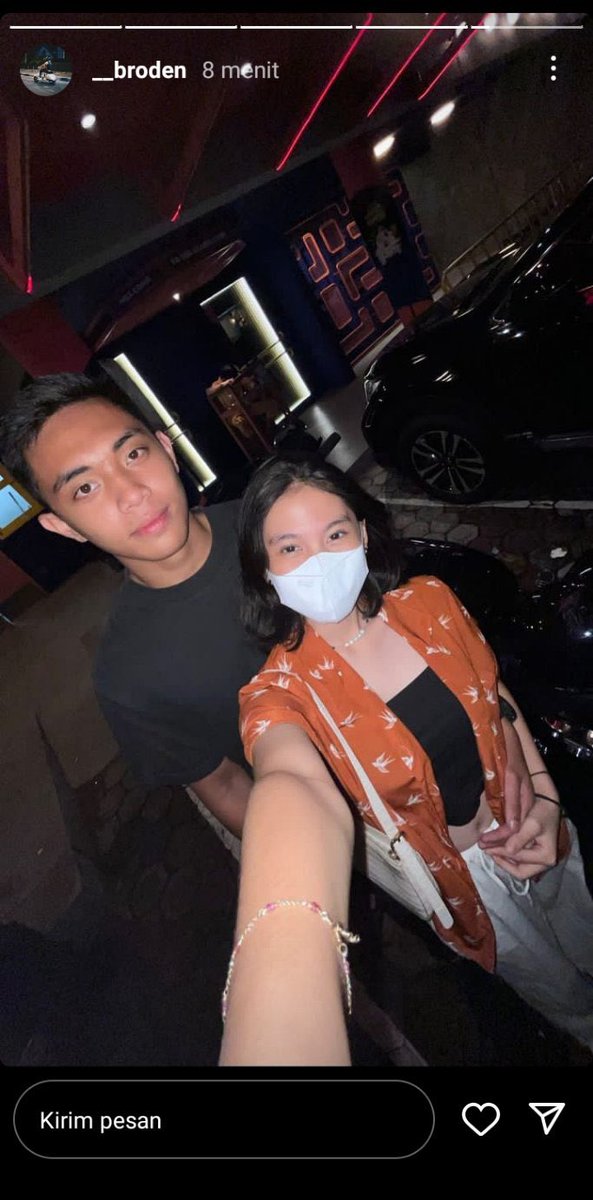 habibthink's tweet photo. Duo biadab. Sangat jahat dan tega. Harusnya mereka berdua lanjutkan asmara di dalam penjara. https://t.co/YBTrR8swX3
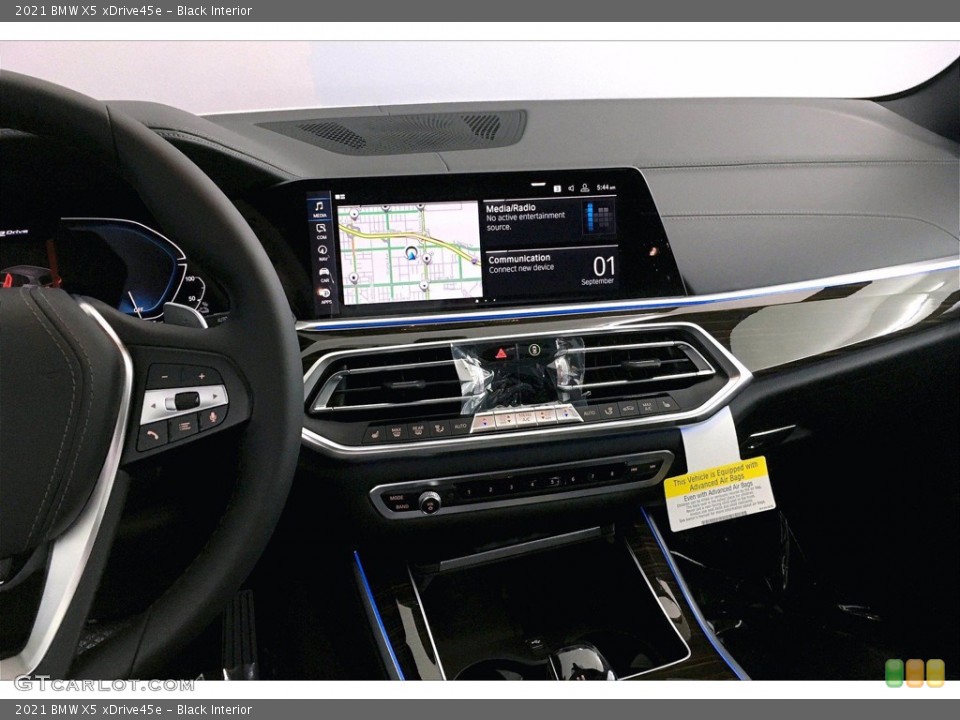 Black Interior Controls for the 2021 BMW X5 xDrive45e #139435953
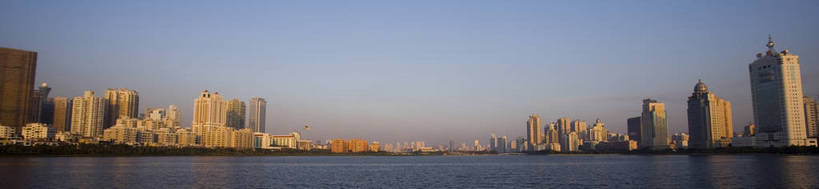 人群,横图,彩色,室外,白天,旅游,度假,商务,美景,水,城市风光,城市,大厦,道路,建筑,路,公路,汽车,中国,亚洲,海边,景观,建筑群,交通,娱乐,现代,厦门,现代建筑,特色,车,天空,海水,绿地,天,享受,休闲,景色,放松,金融,摄影,生活方式,经济,居住,海滨,美好,文明,参观,贸易,东亚,发展,福建省,厦门市,中华人民共和国,繁荣,进步,发达,交流,马路,彩图,观光,旅行,商业,高楼,居住区,海滨城市,bj174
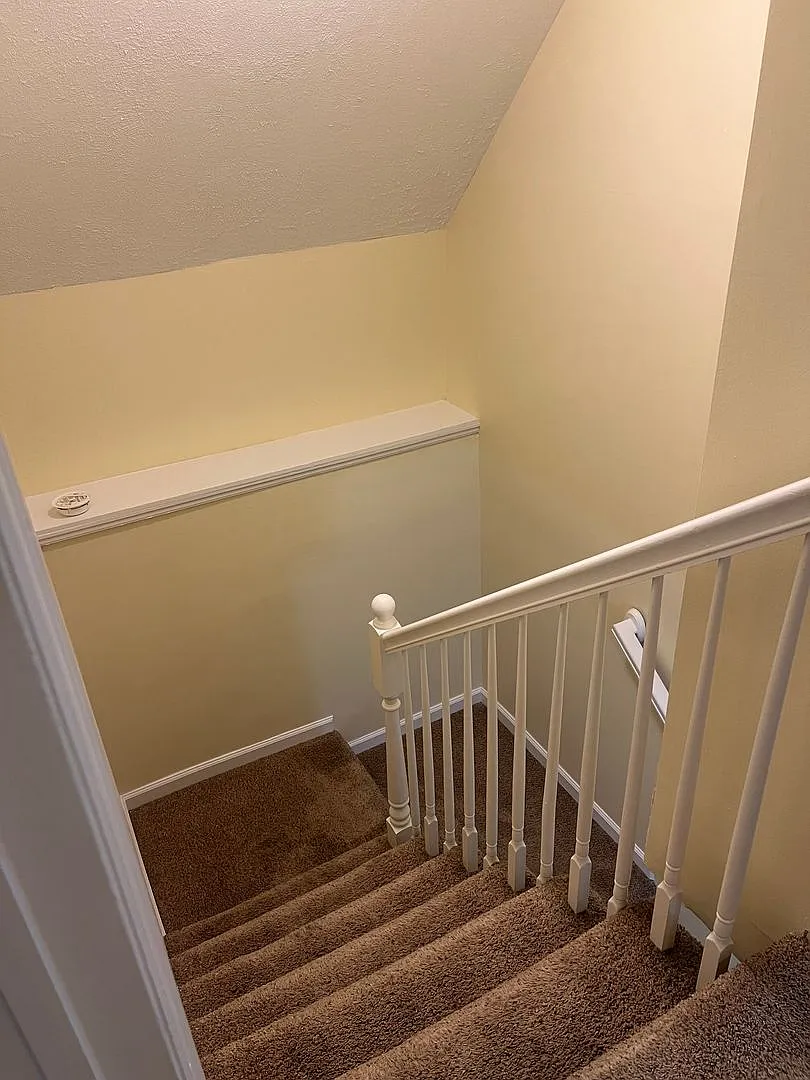 2930 Roellen Rd — Photo 2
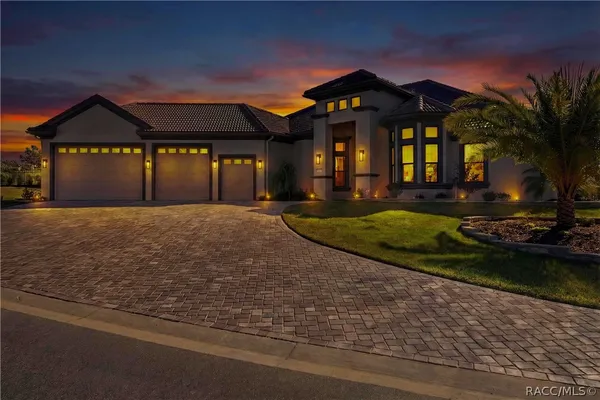 Property Slideshow image 2 of 78 | 1999 n buckmeadow loop, Hernando, FL, 34442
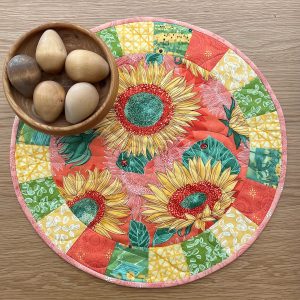 Round Sunflower Table Topper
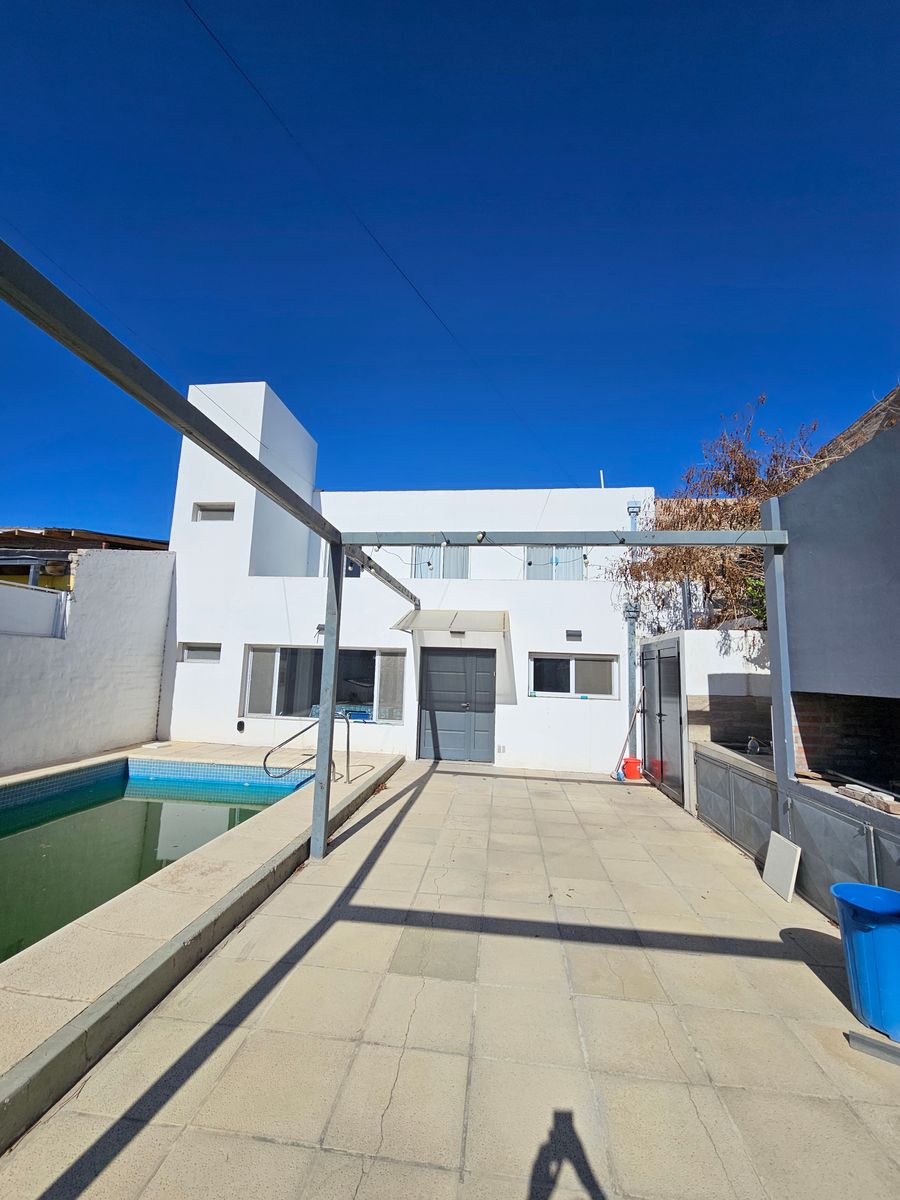 INDEXA VENDE CASA CON PISCINA CLIMATIZADA — foto 2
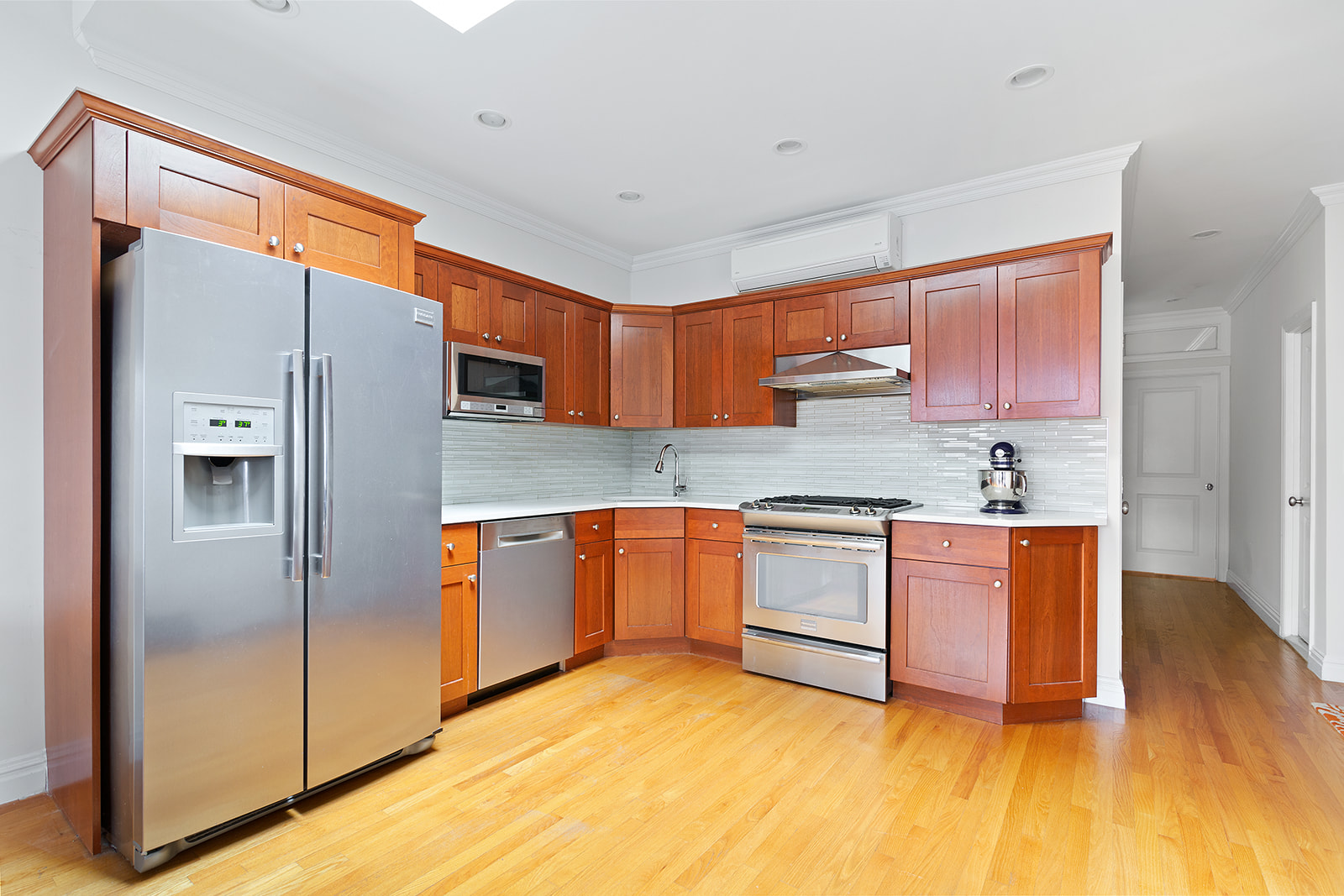 645 Warren Street, Unit 3 Brooklyn, NY 11217 - Photo 3 of 12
######
**ABOUT THIS EXERCISE:** Reproduce, exactly and without pictures, the lines above from the one containing "INDEXA VENDE CASA" through the last line of the material, both ends included, and nothing more.

**ANSWER TO THIS PROBLEM:**
 INDEXA VENDE CASA CON PISCINA CLIMATIZADA — foto 2
 645 Warren Street, Unit 3 Brooklyn, NY 11217 - Photo 3 of 12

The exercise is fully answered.